Geometry Operators in Joins vs. WHERE clause
I've noticed that most people when they do queries in PostGIS (I presume other spatial databases as well), seem
to put all there geometry relation (intersects, contains etc.) checks in the WHERE clause instead of the FROM clause of their
SQL statements whereas I tend to do the opposite.
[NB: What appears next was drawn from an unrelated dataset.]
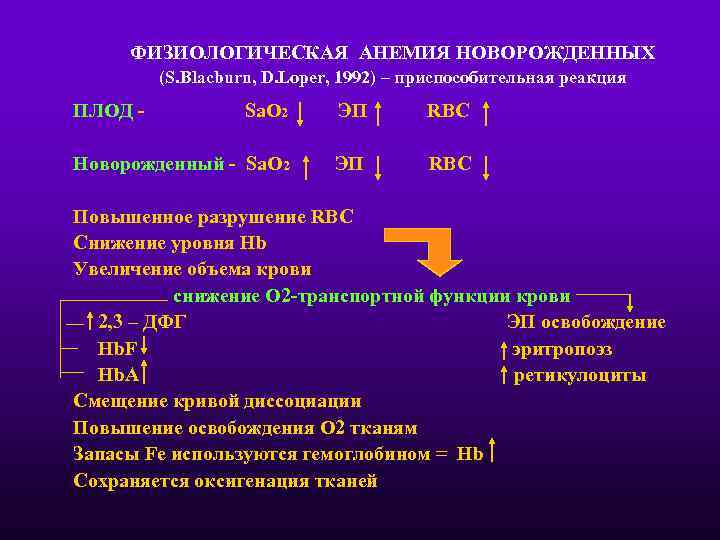 ФИЗИОЛОГИЧЕСКАЯ АНЕМИЯ НОВОРОЖДЕННЫХ (S. Blacburn, D. Loper, 1992) – приспособительная реакция ПЛОД - Sa.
I've always wondered if there is a speed advantage of doing it one way or the other so I decided to look at the 2 EXPLAIN ANALYZE plans
in pgAdmin for these two sample queries.
SELECT t.town, count(s.gid)as totschools
FROM towns t
INNER JOIN
schools s ON st_intersects(t.the_geom, s.the_geom)
GROUP BY t.town
SELECT t.town, count(s.gid) as totschools
FROM towns t, schools s
WHERE st_intersects(t.the_geom, s.the_geom)
GROUP BY t.town
As I expected, the plans are identical and look like this.
I ran for a couple of other types of queries and got the same conclusions. Even for compound statements like the below, the explain analyze plans were identical and the timings if I run for enough iterations come out on average the same.
--Total runtime: 90699.236 ms
SELECT t.town, count(s.gid) as totschools
FROM towns t INNER JOIN schools s ON (st_intersects(t.the_geom, s.the_geom) AND s.grades LIKE '%K%')
GROUP BY t.town
/**HashAggregate (cost=4459.01..4463.40 rows=351 width=15) (actual time=90698.767..90698.995 rows=328 loops=1)
-> Nested Loop (cost=0.00..4332.89 rows=25224 width=15) (actual time=63.797..90681.218 rows=1496 loops=1)
Join Filter: _st_intersects(t.the_geom, s.the_geom)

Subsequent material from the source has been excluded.